The proposed new building would serve grades K to 8th with all the green bells and whistles: natural daylighting in classrooms, high efficiency mechanical and electrical systems and efficient insulation. The architects who would be designing the new building, Perkins Eastman, aim to have this new school building produce as much energy as it consumes on an annual basis — i.e., to achieve net zero status. Which, it must be said, is pretty darn green.

A recent study from Preservation Green Lab: National Trust for Historic Preservation took a look at the lifetime cycle of buildings and their effect the environment. This comparative study assessed the performance of preserved and rehabilitated buildings as compared to new ones with up to date technology built to green standards. Using the widely accepted tool of Life Cycle Assessment (LCA), the study found that the reuse and retrofit of buildings of equivalent size and functionality can, in most cases, be more ecologically friendly than constructing a new one.

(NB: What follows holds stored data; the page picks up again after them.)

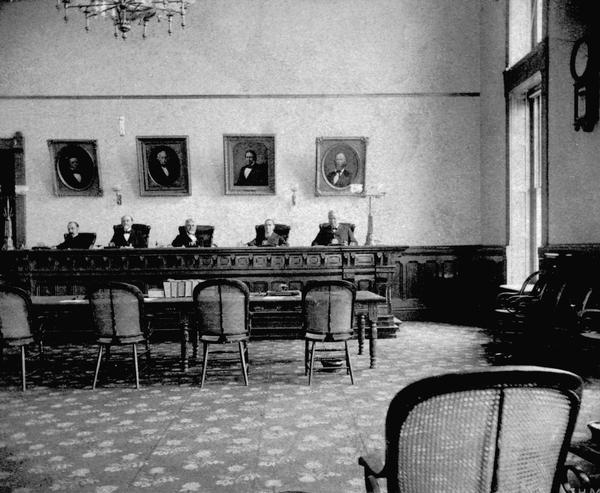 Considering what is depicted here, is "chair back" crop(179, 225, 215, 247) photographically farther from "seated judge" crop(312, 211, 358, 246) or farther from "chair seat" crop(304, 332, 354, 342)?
"chair seat" crop(304, 332, 354, 342)

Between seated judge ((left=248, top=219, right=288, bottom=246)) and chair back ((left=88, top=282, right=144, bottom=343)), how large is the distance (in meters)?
3.94

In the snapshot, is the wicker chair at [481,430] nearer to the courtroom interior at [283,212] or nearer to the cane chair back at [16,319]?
the courtroom interior at [283,212]

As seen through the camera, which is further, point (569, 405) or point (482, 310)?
point (482, 310)

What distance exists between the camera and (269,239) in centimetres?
917

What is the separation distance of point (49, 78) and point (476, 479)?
11.0m

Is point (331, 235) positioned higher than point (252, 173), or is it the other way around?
point (252, 173)

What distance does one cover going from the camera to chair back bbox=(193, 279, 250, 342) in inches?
208

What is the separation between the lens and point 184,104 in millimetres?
10602

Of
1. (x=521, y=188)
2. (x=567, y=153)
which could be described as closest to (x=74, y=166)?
(x=521, y=188)

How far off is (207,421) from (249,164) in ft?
22.6

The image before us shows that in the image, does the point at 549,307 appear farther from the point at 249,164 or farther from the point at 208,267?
the point at 249,164

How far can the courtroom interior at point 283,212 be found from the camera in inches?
209

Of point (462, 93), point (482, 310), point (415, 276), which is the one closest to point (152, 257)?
point (415, 276)

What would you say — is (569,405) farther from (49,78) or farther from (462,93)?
(49,78) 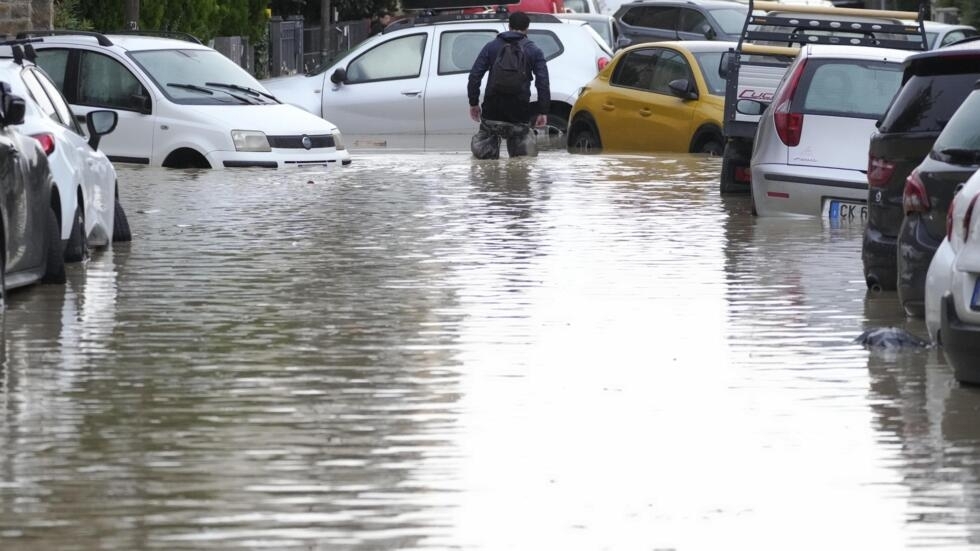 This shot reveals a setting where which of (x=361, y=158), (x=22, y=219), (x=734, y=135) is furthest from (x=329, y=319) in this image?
(x=361, y=158)

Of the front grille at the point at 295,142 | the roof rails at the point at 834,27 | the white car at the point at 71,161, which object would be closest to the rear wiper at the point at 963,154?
the white car at the point at 71,161

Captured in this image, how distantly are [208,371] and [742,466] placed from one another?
3017 millimetres

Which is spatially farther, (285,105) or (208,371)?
(285,105)

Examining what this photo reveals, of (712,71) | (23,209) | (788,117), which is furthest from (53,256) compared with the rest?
(712,71)

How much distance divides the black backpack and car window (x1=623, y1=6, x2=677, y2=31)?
14.0m

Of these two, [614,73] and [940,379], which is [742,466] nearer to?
[940,379]

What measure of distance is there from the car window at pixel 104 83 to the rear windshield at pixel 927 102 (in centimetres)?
1193

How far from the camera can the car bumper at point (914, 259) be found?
10.7m

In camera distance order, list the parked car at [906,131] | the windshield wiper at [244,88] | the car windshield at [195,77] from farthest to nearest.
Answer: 1. the windshield wiper at [244,88]
2. the car windshield at [195,77]
3. the parked car at [906,131]

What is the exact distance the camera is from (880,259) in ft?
41.0

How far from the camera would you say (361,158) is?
25594 mm

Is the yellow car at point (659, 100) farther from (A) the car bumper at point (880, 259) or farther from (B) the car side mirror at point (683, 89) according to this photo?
(A) the car bumper at point (880, 259)

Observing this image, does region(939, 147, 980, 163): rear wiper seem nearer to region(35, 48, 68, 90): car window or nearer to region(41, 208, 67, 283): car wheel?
region(41, 208, 67, 283): car wheel

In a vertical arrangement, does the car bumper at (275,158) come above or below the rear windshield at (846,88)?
below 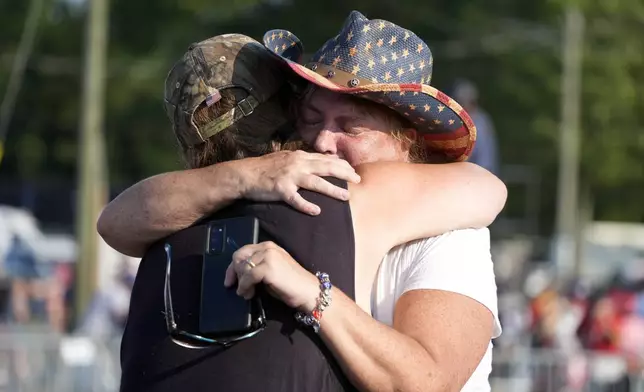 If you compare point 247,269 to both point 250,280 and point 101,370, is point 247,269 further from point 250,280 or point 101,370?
point 101,370

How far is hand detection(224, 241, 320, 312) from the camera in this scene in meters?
2.45

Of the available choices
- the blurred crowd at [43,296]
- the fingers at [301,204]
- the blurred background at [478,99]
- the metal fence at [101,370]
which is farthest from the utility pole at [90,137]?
the fingers at [301,204]

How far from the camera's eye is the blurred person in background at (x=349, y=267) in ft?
8.09

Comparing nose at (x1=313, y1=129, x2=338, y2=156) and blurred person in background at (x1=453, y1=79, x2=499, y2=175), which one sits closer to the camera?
nose at (x1=313, y1=129, x2=338, y2=156)

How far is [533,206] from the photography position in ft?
128

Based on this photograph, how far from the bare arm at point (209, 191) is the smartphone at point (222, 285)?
0.22 feet

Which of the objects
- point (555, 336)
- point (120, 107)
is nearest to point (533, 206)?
point (120, 107)

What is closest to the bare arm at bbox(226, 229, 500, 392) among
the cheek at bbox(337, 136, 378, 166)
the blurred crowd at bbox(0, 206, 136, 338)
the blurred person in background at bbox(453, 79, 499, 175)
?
the cheek at bbox(337, 136, 378, 166)

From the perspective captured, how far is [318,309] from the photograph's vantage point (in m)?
2.46

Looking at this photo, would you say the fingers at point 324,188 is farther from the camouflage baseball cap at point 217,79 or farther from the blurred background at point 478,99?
the blurred background at point 478,99

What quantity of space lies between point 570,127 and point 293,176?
97.8ft

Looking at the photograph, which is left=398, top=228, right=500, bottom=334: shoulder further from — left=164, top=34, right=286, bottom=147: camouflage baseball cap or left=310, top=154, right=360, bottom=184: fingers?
left=164, top=34, right=286, bottom=147: camouflage baseball cap

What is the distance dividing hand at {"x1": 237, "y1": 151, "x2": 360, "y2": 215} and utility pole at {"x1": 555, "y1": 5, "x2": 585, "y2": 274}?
2562 centimetres

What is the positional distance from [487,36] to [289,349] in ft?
104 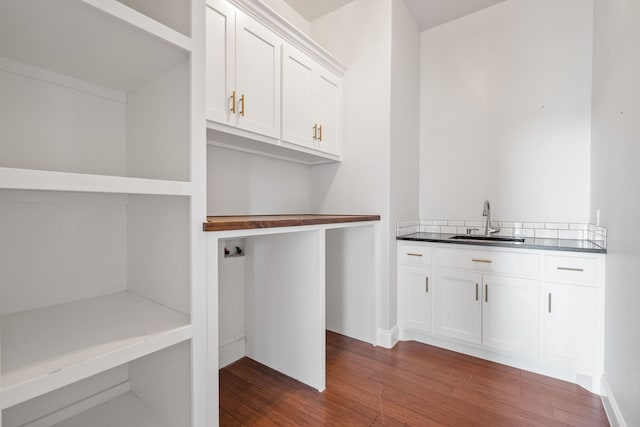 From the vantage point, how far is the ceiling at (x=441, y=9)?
242 cm

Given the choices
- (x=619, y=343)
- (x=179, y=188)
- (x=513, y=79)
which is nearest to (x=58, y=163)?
(x=179, y=188)

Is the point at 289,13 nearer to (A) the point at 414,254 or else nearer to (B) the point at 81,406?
(A) the point at 414,254

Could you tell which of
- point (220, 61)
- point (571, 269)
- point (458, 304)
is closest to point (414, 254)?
point (458, 304)

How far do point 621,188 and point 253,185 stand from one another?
2.10 meters

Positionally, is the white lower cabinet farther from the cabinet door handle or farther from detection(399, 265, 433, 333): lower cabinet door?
the cabinet door handle

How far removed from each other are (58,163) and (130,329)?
69 centimetres

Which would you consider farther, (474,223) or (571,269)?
(474,223)

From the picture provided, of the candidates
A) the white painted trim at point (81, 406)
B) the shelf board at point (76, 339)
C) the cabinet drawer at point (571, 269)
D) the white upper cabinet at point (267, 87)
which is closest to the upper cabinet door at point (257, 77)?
the white upper cabinet at point (267, 87)

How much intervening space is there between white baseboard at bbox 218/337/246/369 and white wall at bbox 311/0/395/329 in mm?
1088

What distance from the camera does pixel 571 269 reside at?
5.83 ft

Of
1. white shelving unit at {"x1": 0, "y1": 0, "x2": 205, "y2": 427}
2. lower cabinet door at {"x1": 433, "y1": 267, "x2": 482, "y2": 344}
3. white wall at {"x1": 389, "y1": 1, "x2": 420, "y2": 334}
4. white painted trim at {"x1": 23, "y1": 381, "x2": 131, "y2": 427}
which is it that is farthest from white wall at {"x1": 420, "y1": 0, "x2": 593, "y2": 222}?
white painted trim at {"x1": 23, "y1": 381, "x2": 131, "y2": 427}

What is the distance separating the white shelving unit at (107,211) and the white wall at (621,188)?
175 centimetres

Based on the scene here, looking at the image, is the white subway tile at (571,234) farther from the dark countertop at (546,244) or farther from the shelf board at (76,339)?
the shelf board at (76,339)

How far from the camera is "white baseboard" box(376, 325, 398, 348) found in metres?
2.25
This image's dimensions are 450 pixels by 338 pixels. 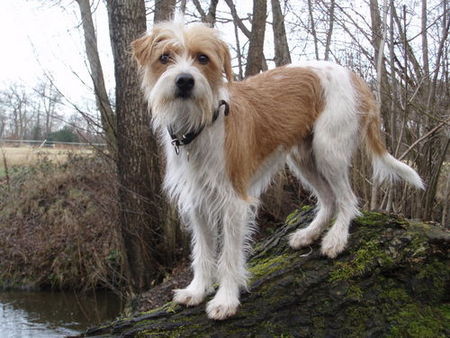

Citing numerous case studies, the data shows that even with a new building that’s 30 percent more efficient than an existing one, it can take between 10 and 80 years for a new, energy efficient building to overcome the climate change impacts that were created during that new building’s construction. If the new school building in Cambridge were, in fact, constructed to net zero standards, those impacts would be overcome significantly more quickly — but the LCA costs of renewable energy tech (such as solar panels) would have to be factored in as well, which could potentially shift the equation in the direction of retrofitting.

In Cambridge, it remains to be seen whether those numbers will be cited in deciding whether to tear down or retrofit King Elementary, but community members, alongside Docomomo US/New England, have gathered to fight back against this building’s demolition, and the next few months should delve a verdict, one way or the other.